■ Exercise
Retype each entry below precisely as it reads.

[Data entries]
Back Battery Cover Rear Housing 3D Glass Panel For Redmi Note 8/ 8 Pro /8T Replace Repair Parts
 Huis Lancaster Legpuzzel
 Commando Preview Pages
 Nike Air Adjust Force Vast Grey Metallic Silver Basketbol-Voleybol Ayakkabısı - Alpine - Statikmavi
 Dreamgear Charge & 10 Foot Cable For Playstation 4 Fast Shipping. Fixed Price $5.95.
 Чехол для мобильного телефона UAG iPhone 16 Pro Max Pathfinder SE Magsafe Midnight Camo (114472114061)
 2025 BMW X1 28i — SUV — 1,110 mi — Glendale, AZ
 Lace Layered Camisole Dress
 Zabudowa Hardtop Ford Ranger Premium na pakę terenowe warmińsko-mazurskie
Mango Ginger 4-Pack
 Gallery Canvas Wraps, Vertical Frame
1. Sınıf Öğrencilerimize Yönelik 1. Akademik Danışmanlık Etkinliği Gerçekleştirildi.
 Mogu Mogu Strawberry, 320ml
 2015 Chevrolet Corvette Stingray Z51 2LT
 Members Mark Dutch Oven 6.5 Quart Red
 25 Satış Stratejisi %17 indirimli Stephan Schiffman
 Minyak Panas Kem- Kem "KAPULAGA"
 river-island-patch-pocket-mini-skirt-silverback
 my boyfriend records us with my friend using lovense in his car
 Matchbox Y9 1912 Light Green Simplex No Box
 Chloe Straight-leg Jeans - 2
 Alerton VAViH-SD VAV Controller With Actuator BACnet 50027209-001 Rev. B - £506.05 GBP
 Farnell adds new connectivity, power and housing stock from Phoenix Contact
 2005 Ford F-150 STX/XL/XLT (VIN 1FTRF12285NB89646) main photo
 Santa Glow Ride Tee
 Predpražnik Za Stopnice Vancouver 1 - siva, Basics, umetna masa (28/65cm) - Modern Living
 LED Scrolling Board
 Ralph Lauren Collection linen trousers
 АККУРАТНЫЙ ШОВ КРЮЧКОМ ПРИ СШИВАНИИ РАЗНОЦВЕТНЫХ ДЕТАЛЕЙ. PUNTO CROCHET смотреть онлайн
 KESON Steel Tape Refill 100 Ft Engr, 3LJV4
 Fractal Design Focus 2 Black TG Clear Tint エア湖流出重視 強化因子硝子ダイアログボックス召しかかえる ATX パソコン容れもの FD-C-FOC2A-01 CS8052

■ Result below
Back Battery Cover Rear Housing 3D Glass Panel For Redmi Note 8/ 8 Pro /8T Replace Repair Parts
 Huis Lancaster Legpuzzel
 Commando Preview Pages
 Nike Air Adjust Force Vast Grey Metallic Silver Basketbol-Voleybol Ayakkabısı - Alpine - Statikmavi
 Dreamgear Charge & 10 Foot Cable For Playstation 4 Fast Shipping. Fixed Price $5.95.
 Чехол для мобильного телефона UAG iPhone 16 Pro Max Pathfinder SE Magsafe Midnight Camo (114472114061)
 2025 BMW X1 28i — SUV — 1,110 mi — Glendale, AZ
 Lace Layered Camisole Dress
 Zabudowa Hardtop Ford Ranger Premium na pakę terenowe warmińsko-mazurskie
Mango Ginger 4-Pack
 Gallery Canvas Wraps, Vertical Frame
1. Sınıf Öğrencilerimize Yönelik 1. Akademik Danışmanlık Etkinliği Gerçekleştirildi.
 Mogu Mogu Strawberry, 320ml
 2015 Chevrolet Corvette Stingray Z51 2LT
 Members Mark Dutch Oven 6.5 Quart Red
 25 Satış Stratejisi %17 indirimli Stephan Schiffman
 Minyak Panas Kem- Kem "KAPULAGA"
 river-island-patch-pocket-mini-skirt-silverback
 my boyfriend records us with my friend using lovense in his car
 Matchbox Y9 1912 Light Green Simplex No Box
 Chloe Straight-leg Jeans - 2
 Alerton VAViH-SD VAV Controller With Actuator BACnet 50027209-001 Rev. B - £506.05 GBP
 Farnell adds new connectivity, power and housing stock from Phoenix Contact
 2005 Ford F-150 STX/XL/XLT (VIN 1FTRF12285NB89646) main photo
 Santa Glow Ride Tee
 Predpražnik Za Stopnice Vancouver 1 - siva, Basics, umetna masa (28/65cm) - Modern Living
 LED Scrolling Board
 Ralph Lauren Collection linen trousers
 АККУРАТНЫЙ ШОВ КРЮЧКОМ ПРИ СШИВАНИИ РАЗНОЦВЕТНЫХ ДЕТАЛЕЙ. PUNTO CROCHET смотреть онлайн
 KESON Steel Tape Refill 100 Ft Engr, 3LJV4
 Fractal Design Focus 2 Black TG Clear Tint エア湖流出重視 強化因子硝子ダイアログボックス召しかかえる ATX パソコン容れもの FD-C-FOC2A-01 CS8052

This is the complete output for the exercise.